WWW: What, When, Where to Compute-in-Memory

Published 26 Dec 2023 in cs.AR, cs.DC, and cs.LG | (2312.15896v3)

Abstract: Matrix multiplication is the dominant computation during Machine Learning (ML) inference. To efficiently perform such multiplication operations, Compute-in-memory (CiM) paradigms have emerged as a highly energy efficient solution. However, integrating compute in memory poses key questions, such as 1) What type of CiM to use: Given a multitude of CiM design characteristics, determining their suitability from architecture perspective is needed. 2) When to use CiM: ML inference includes workloads with a variety of memory and compute requirements, making it difficult to identify when CiM is more beneficial than standard processing cores. 3) Where to integrate CiM: Each memory level has different bandwidth and capacity, creating different data reuse opportunities for CiM integration. To answer such questions regarding on-chip CiM integration for accelerating ML workloads, we use an analytical architecture-evaluation methodology with tailored mapping algorithm.
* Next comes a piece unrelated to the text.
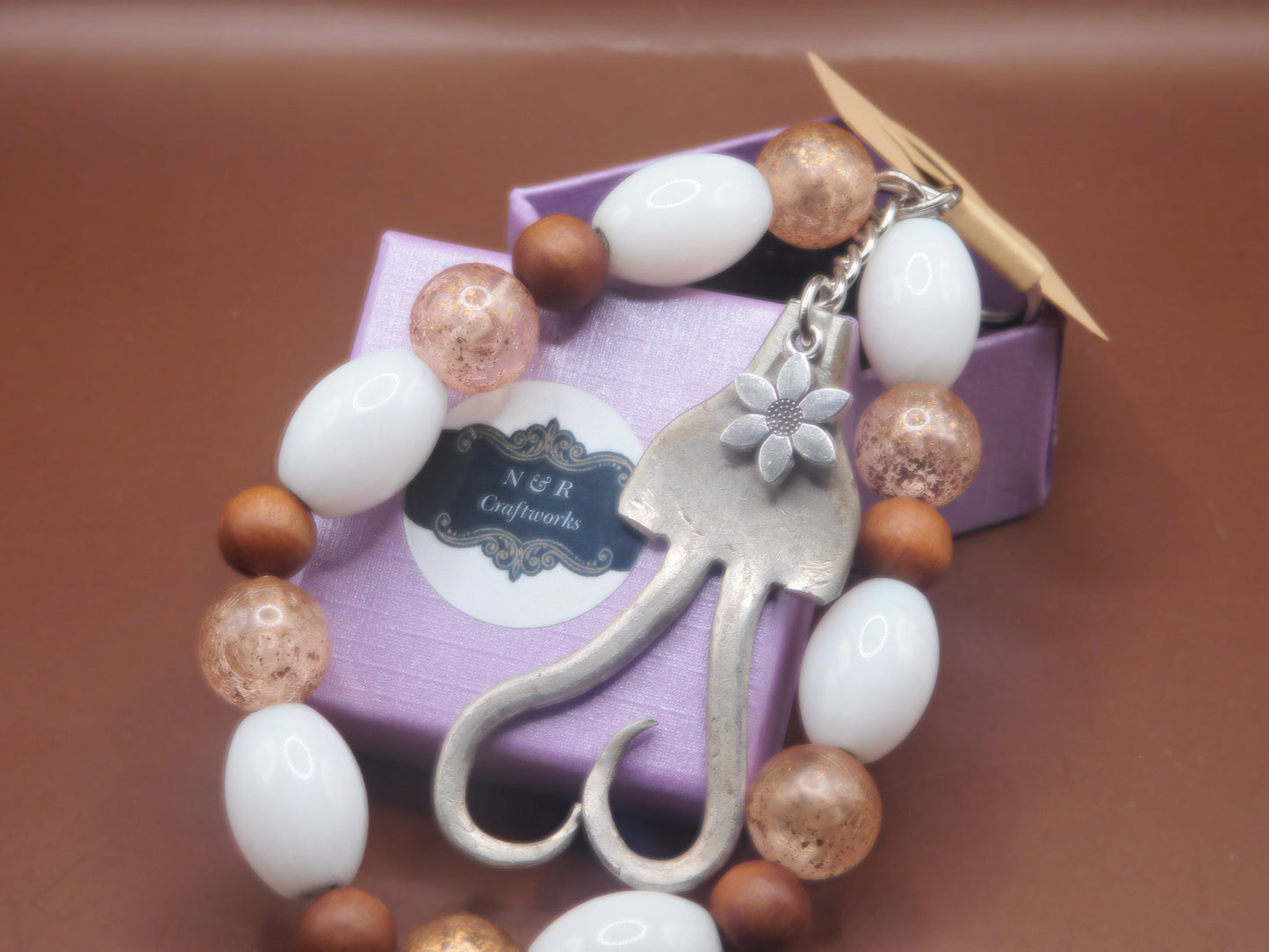 Repurposed fork made into curved heart keychain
The mapping algorithm aims to achieve highest weight reuse and reduced data movements for a given CiM prototype and workload. Our analysis considers the integration of CiM prototypes into the cache levels of a tensor-core-like architecture, and shows that CiM integrated memory improves energy efficiency by up to 3.4x and throughput by up to 15.6x compared to established baseline with INT-8 precision. We believe the proposed work provides insights into what type of CiM to use, and when and where to optimally integrate it in the cache hierarchy for efficient matrix multiplication.